Os chamados "filmes históricos" correm sempre muitos riscos. O principal deles é o anacronismo (enxergar no passado valores ou atitudes típicos do presente). Também ocorre muito o didatismo, quando o realizador acha que seu filme tem que dar aula de história. Poderíamos citar ainda os excessos ficcionais, ou seja, o filme, inicialmente "baseado em fatos reais", fantasia tanto em torno destes que acaba por se desvincular inteiramente deles.
Che conseguiu escapar destas armadilhas, o que talvez determine uma certa frieza da crítica e a provável rejeição do público. É que personagens como este geram uma expectativa relacionada às nossas concepções sobre ele. E, salvo raríssimas exceções, essas expectativas serão frustradas.

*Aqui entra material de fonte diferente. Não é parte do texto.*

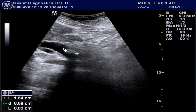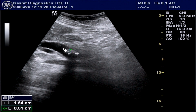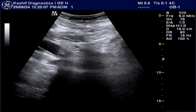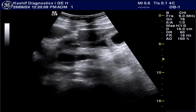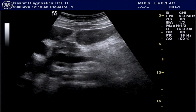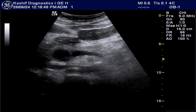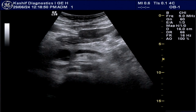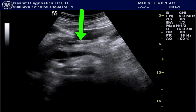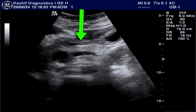Gallbladder diseases are mainly female diseases, but many men are now getting gallbladder diseases and most of them are overweight. The pancreas must be properly visualized in this case. The pancreas is anterior to the splenic vein and is normal in this case.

Não está ali o herói mítico dos militantes secundaristas, empunhando altivamente seu fuzil contra todas as injustiças. Muito menos o assassino sanguinário das páginas de Veja, para quem Guevara merece a "lata de lixo da história" (o que é, no mínimo, mais digno que merecer a lata de lixo da esquina, como certas revistas). Também não esperem o humanista meio bocó que Walter Salles inventou em "Diários de Motocicleta".
O Che de del Toro e Soderbergh é antes de tudo humano. O medo em seus olhos é visível no barco que leva os primeiros revolucionários a Cuba. Ele tem constantes ataques de asma, sério inconveniente para quem se dedica à guerra. Não hesita em ser solidário, mas tampouco em comandar pelotões de fuzilamento. Não é um homem que tem todas as respostas; ao contrário, não consegue compreender seu fracasso na Bolívia. Mas ele tem um ideal, e isso para ele está acima de tudo.
O mais instigante é que esta visão foi baseada fielmente nos escritos do próprio personagem. Isso, somado à atuação, no mínimo, impressionante de del Toro, aproxima o filme de uma espécie de registro documental, uma reconstituição, um docudrama, algo assim. Reside aqui a força e a fraqueza da obra.
Sim, pois, se de um lado essa opção aproveita ao máximo toda a riqueza do personagem Guevara, de outro ela se torna meio opressiva (pelo menos para quem assiste às duas partes - 4h20 no total - em seguida). Faltou uma certa ousadia em termos de luz, montagem e enquadramentos, algo que falasse mais com os sentidos do público, e não só com o cérebro.
Implicâncias à parte, é um filme quase obrigatório, pelo cuidado na produção, o brilho de del Toro, as minúcias do roteiro e, principalmente, por ser um bom ponto de partida para pensarmos um pouco sobre nós mesmos e o nosso tempo. Guevara tem muito a nos dizer, e para ouvi-lo não é preciso gostar dele.
Despido das vestes angelicais ou demoníacas, o Che se aproxima mais de nós e se dá a conhecer. Para conhecê-lo, porém, não precisamos partilhar de suas idéias, mas sim perder por um momento o verniz do século cínico em que vivemos e aceitar que um sujeito foi capaz de fazer a guerra em três países estrangeiros por que acreditava nestas idéias e rejeitava a injustiça. Algo impensável nessa tal de "Era de Aquarius".